We also enjoy a good relationship with other parishes. For instance, we are linked to St Mary’s Bridgwater in Somerset in the diocese of Bath and Wells. The parish has enjoyed the friendship with St Mary’s for a long time now starting in the time of my predecessors. There are many things that I can say about St Mary’s and the Link Correspondent Mrs Kathryn Philpott and her husband Richard who have helped the link to come this far.
Q. What are some of the major challenges you have faced as a rural parish?
We have had many challenges as a rural parish. One of them is the weak financial muscle of the parish. Serving God among peasant farmers in this part of the world means having monies only when they harvest their crops, which is once in a year. Despite having seasonal finances, we have been able to pull through to another year through proper planning and setting priorities.
We have planned to build a house at the parish centre with a view to renting it our to civil servants so that we are able to have at least a monthly income. How I wish we were able to buy hammer mills for use as one of our income generating ventures.

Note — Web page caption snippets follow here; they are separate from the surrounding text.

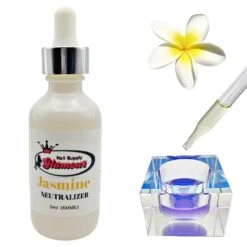 Neutralizers (Scents For Monomer) "JASMINE" 2oz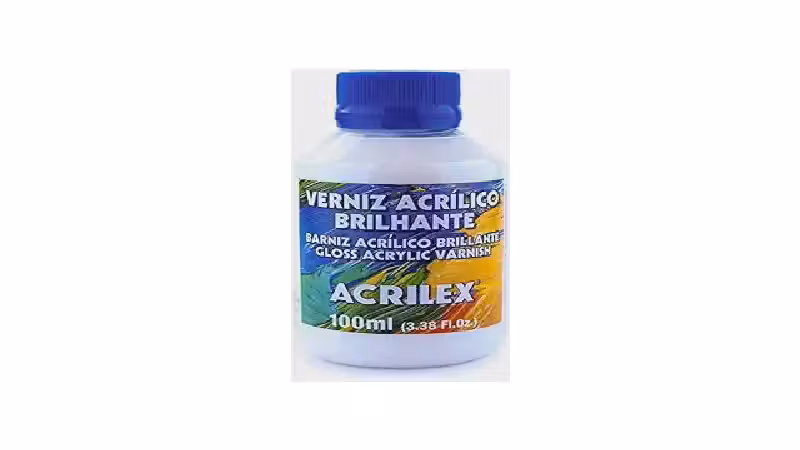 Melhor Verniz para Tela de Pintura: Proteção e Acabamento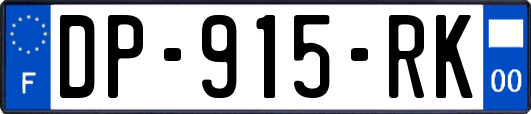 DP-915-RK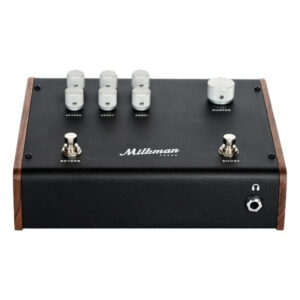 Milkman The Amp 100 Guitar Amp Pedal - Image 5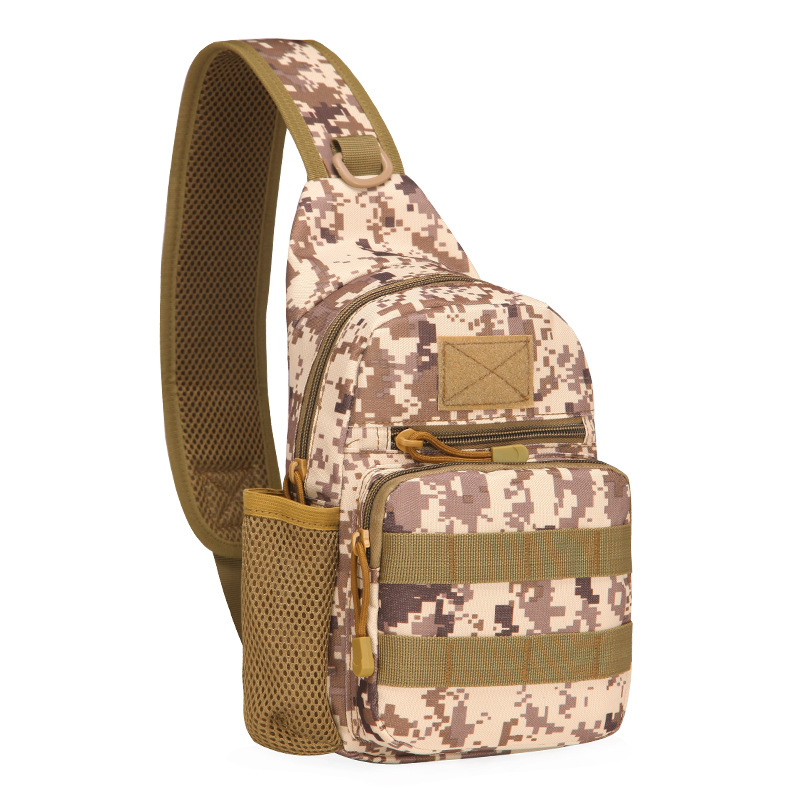 New Chest Bag For Cycling And Outdoor Sports photo 8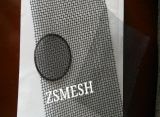 ISO 316/316L Stainless Steel Wire Mesh Filter Cloth (500-2800mesh)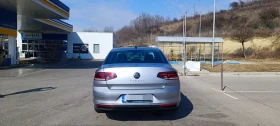 VW Passat 2.0 TDI DSG7 QLED BUSINESS , снимка 2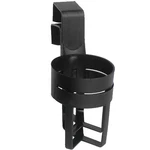 Custom Accessories Small Plastic Beverage Holder, Black, Pack Of 2. Fixed Price $16.04.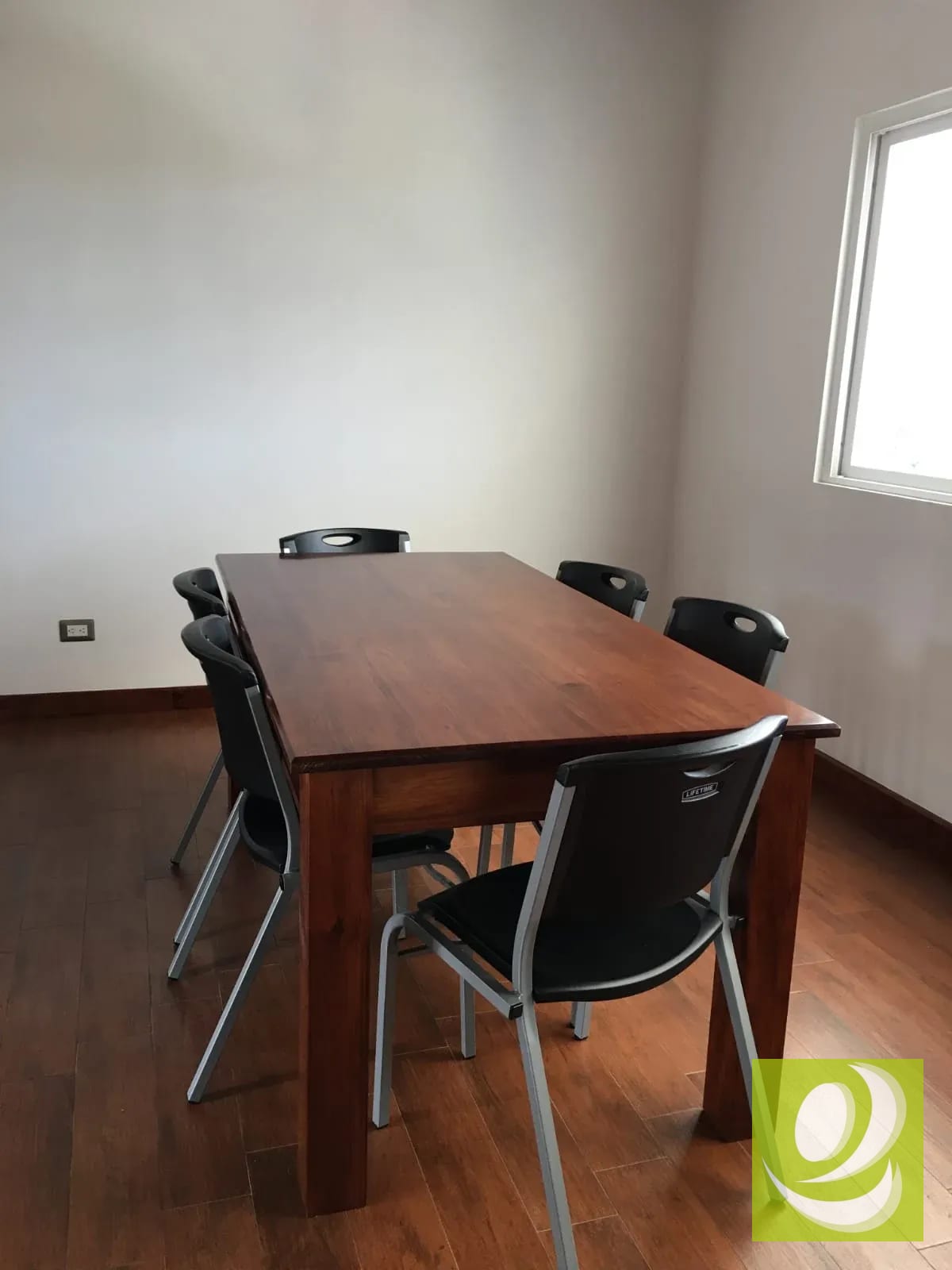 Rento Loft en zona 16 — Apartamento en Alquiler en Zona 16, Guatemala, Ciudad — foto 3 de 4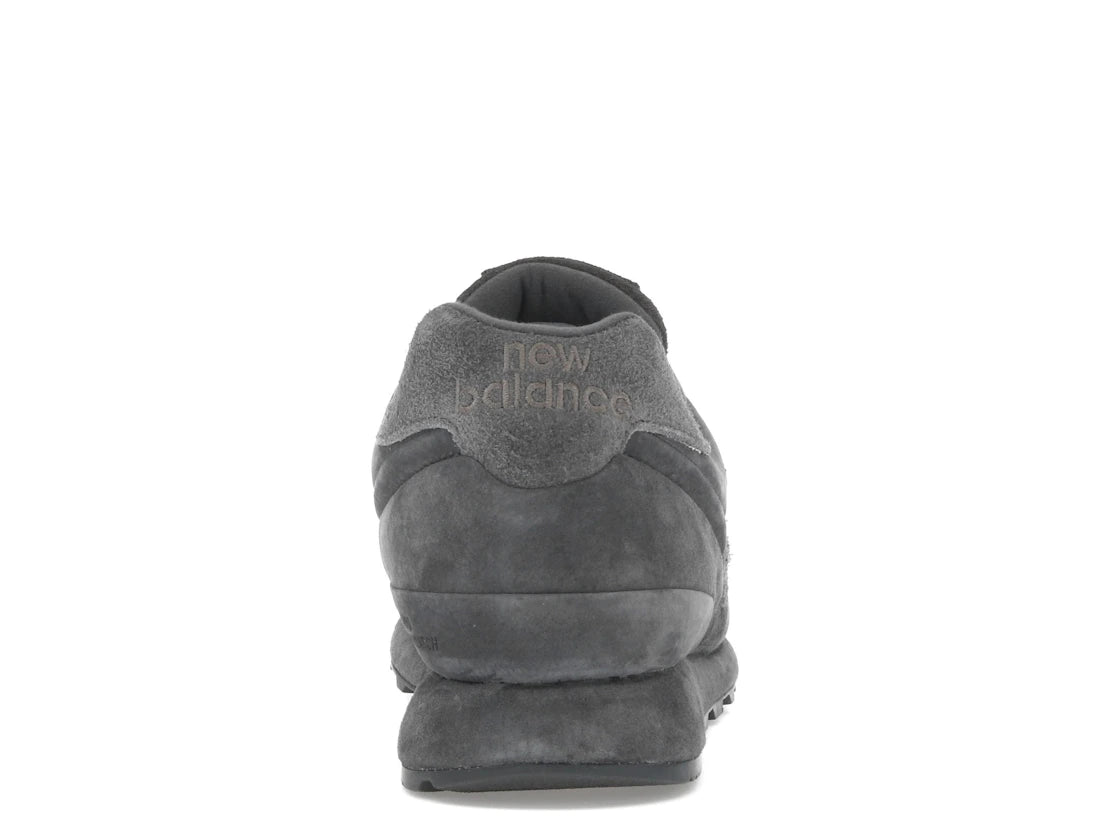 574 Legacy Stone Island Ghost Dark Grey - U574BST1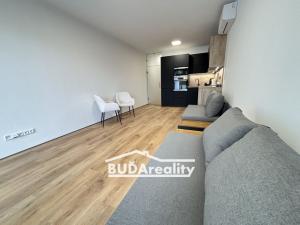 Pronájem bytu 1+kk, Zlín, Kvítková, 39 m2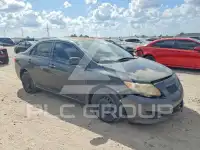 2010 Toyota COROLLA photo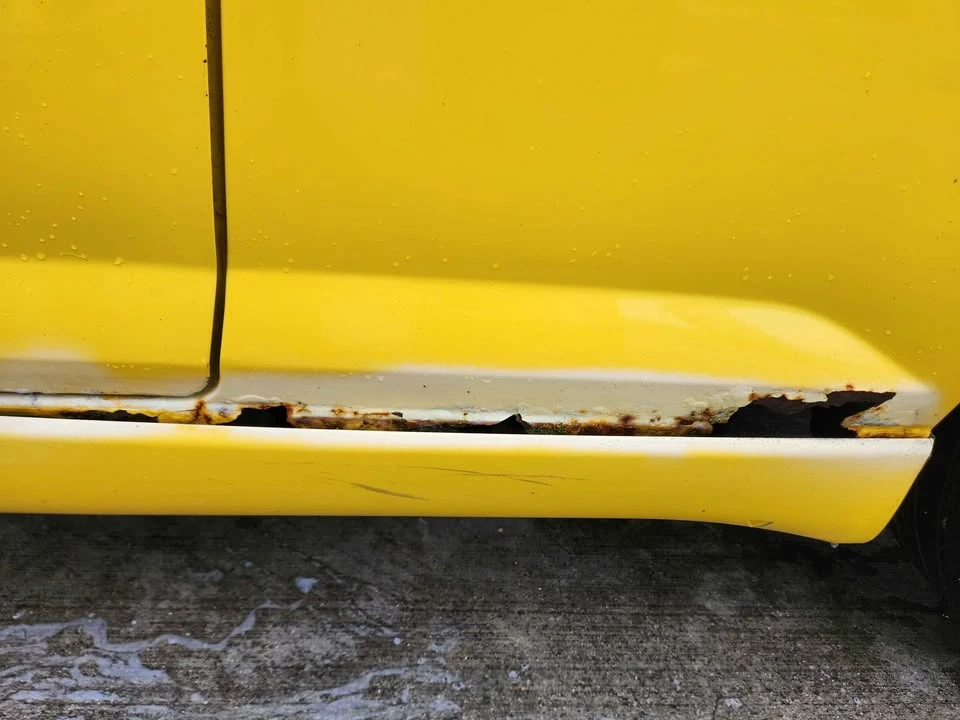 2007 Chevrolet Cobalt 1st Gen - Image 7 of 19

The other challenge is visitation to other congregations during rainy season. This is a challenge in that roads become impassable. This means that affected congregations are visited more during dry season, especially that I also have to oversee another local parish with 10 congregations. I only depend on a resident Evangelist.
I have also been facing challenges with the youth ministry. From the time I took over the running of the parish from my predecessor, we have been trying to re-organise the youths. Despite our efforts, it has been hard due to other factors like lack of transport and finance to reach out to the young people.
At the moment the only mode of transport in the parish is a motorbike, which is for the priest. As a parish, we hope and believe that one day we shall be out of this difficult situation. The moment the youths are on board, things will be unfolding by themselves as the youths are an important instrument in every form of development.
Q. How has Anglicanism flourished in this area? I noticed on my way here that there are also a lot of other religions such as Islam in this area.
In my catchment area, there are many denominations and among them is the Roman Catholic, our sister Church. However, as a traditional Church, Anglicanism has flourished more than other faiths around.
This is evidenced by the increase in numbers of candidates coming in for baptism and confirmations. It is more of family tree; members here are mostly introduced to Anglicanism through relatives if not by marriage. Moreover, the youth are shifting from Anglo-Catholic traditions to Evangelicals.